David Sills Made It Tough, Then Made Up For it
MANHATTAN, Kan. – David Sills made the most impressive play of the day even more difficult in the win at Kansas State.
In his prototypical style, Sills pushed himself near even his limits, making a twisting, turning touchdown reception midway through the second quarter. It was about as long of a four-yard completion as could be, WVU working the Wildcat defense from the far hash and throwing to the opposite side of the field toward the back end zone.
Having broken outside off a rub route with Marcus Simms – but not gotten separation or outside position as K-State’s secondary switched assignments effectively – Sills turned inward before he located the ball. Where a simple over-the-shoulder catch might have sufficed on the fade, now Sills was facing a vastly tougher grab, one where he had to again generate momentum, diving for the ball near the back pylon in what was a gorgeous throw from Grier.
West Virginia rarely works this play from the opposite hash, and the inexperience showed.

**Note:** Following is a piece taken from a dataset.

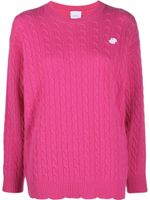 Patou pull en maille torsadée à logo - Rose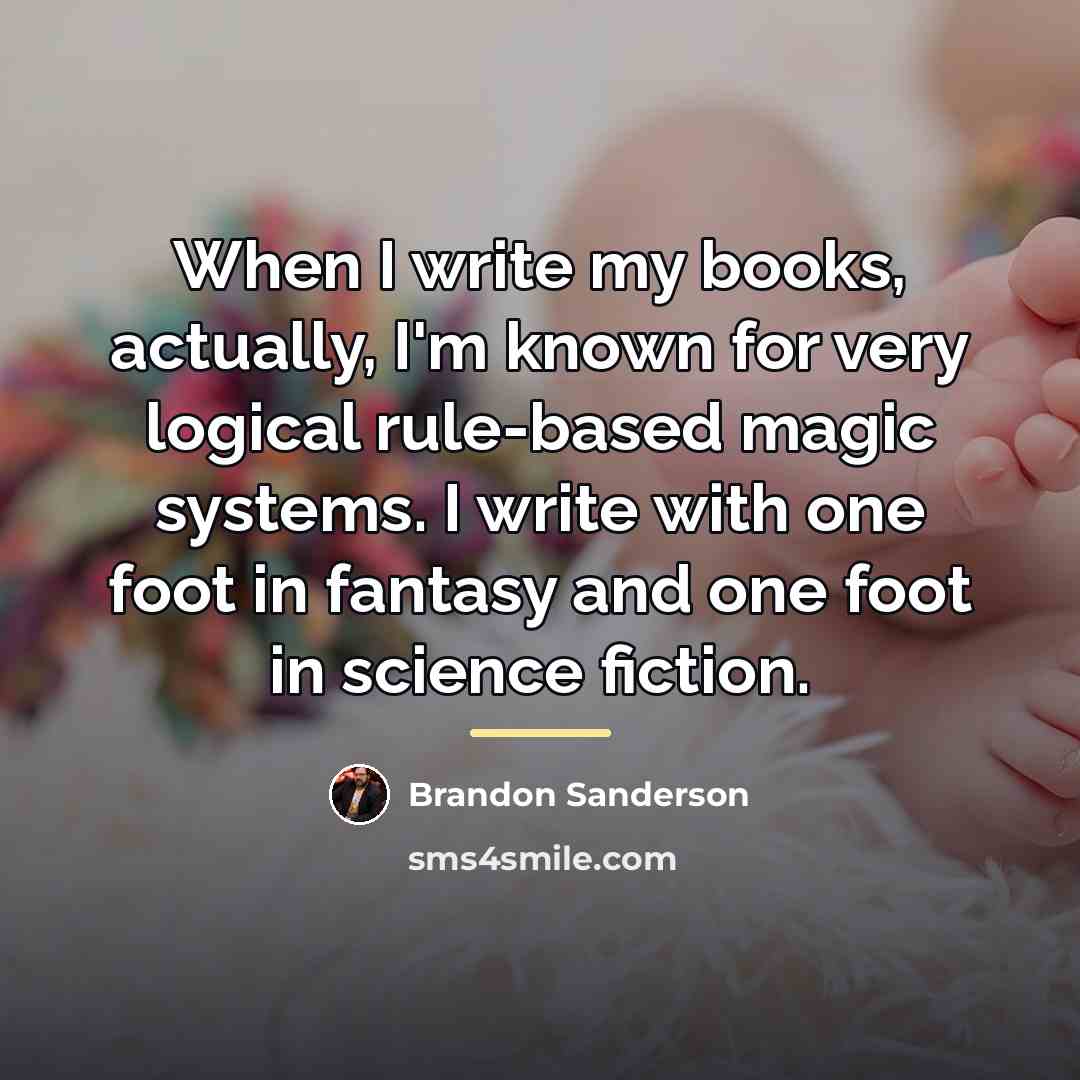 “When I write my books, actually, I'm known for very…” quote by Brandon Sanderson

Sills got both hands under the ball, but was completely out of room.
“He made an unbelievable play,” Grier said. “He wasn’t used to it and got caught in an awkward position. He made it hard on himself. Made up for it. I can’t believe he made the catch.”
Indeed, Sills somehow drug his right toe – maybe only the little one – in the end zone, completing among the toughest catches of his career. The touchdown pushed WVU’s lead to 21-13, and was imperative considering the Mountaineers had already thrown incomplete on first and goal from the four and would have faced a third and goal sans confidence in its running game.

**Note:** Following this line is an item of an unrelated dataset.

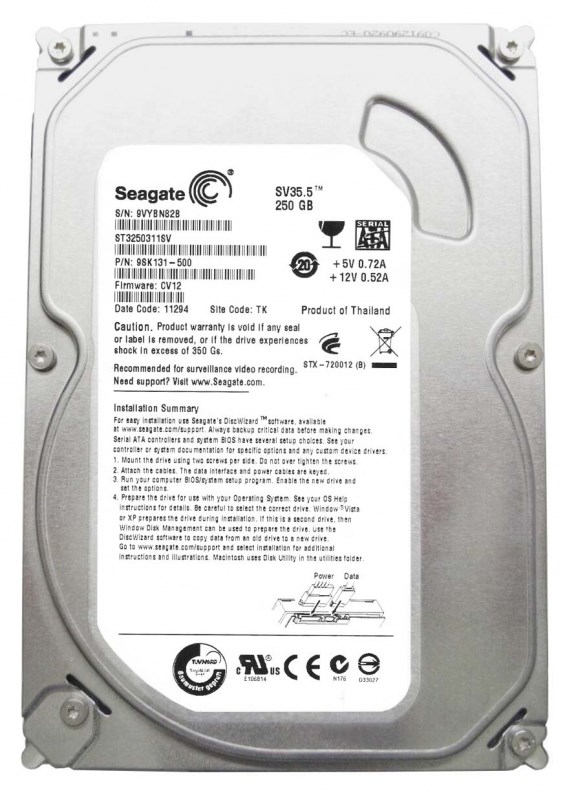 Жесткий диск Seagate ST3250311SV 250Gb 7200 SATAII 3.5" HDD ST3250311SV - фото 28773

“I didn’t know if I had it or not,” Sills said. “I fell on some pretty hard turf, so I was kinda out of it. When I got to the sideline they told me it was a catch and my feet were in. I was excited. When you catch it you always think about getting your feet down and hope they are inbounds.”

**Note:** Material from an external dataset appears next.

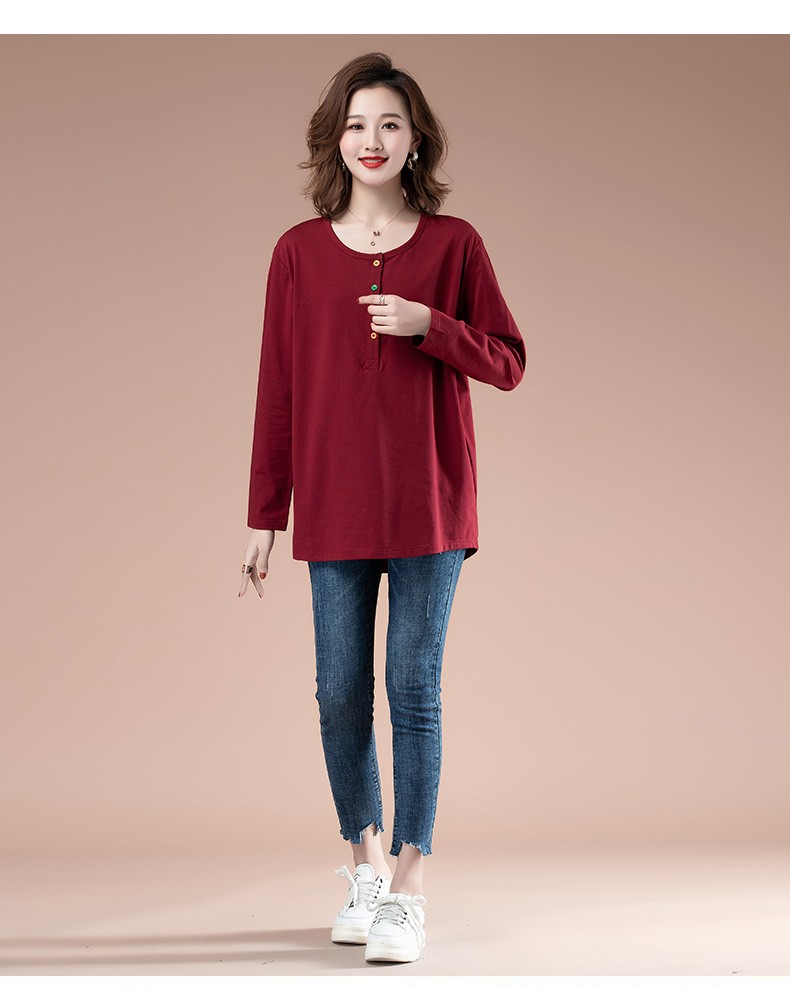 t恤女装宽松春秋装上衣体恤衫女士衣服韩版小衫棉优雅暗红色m95110斤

Those opportunities are becoming few and far between. Receivers coach Tyron Carrier said the season started with teams trying to bracket Ka’Raun White, then Gary Jennings. As Sills continued to emerge – he leads the nation with 18 TD catches – defenses focused on him, and it’s showed in the stats with Sills having a combined nine receptions over the last three games. The junior had at least six catches in six of the first seven games.
Sills made four catches against Kansas State, including consecutive ones spanning the first and second quarters. One was an over-the-shoulder 43-yard reception down the sideline to get WVU inside the red zone at the end of the first quarter. The second came a snap later on a 16-yard scoring slant via a beautiful play call from Jake Spavital.
With the Wildcats pulling a safety up to take away said slant, the Mountaineers sent Gary Jennings in motion, faking an end around to the wideout. The action sucked in the safety five-plus yards, clearing a passing window for Grier. With the corner playing Sills outside, expecting help on the interior, Sills gained the inside shoulder and broke toward the post. Grier delivered a ball in stride, splitting two defenders, and Sills had his 17th touchdown of the season to give WVU a 14-6 lead.
It’s an impressive ratio, Sills’ 18 touchdowns on 55 receptions. Consider Jennings, who leads the team with 82 grabs, but has just one touchdown. Or White, with 51 catches and 10 scores. No player in college football with more than 50 catches comes close to Sills in pure touchdown-to-reception ratio.
But the receiver also had a drop on a play which would have resulted in a first down in the red zone to go with a lost fumble, part of four West Virginia turnovers. It’s that which will be the focus this week as Sills readies for what is shaping up to be a significant game versus Texas. If the Mountaineers (7-3, 5-2) can win, they remain in contention for the Big 12 title game.
“The third quarter, fourth quarter just making stupid mistakes,” Sills said of the problems. “Dropping balls, missing blocks. We definitely need to improve on that this week going into the Texas game. Monday I will be thinking about the dropped ball I had, the fumble I had. Those are the things I can improve upon. As an offense there are a lot of things we can improve upon as well.”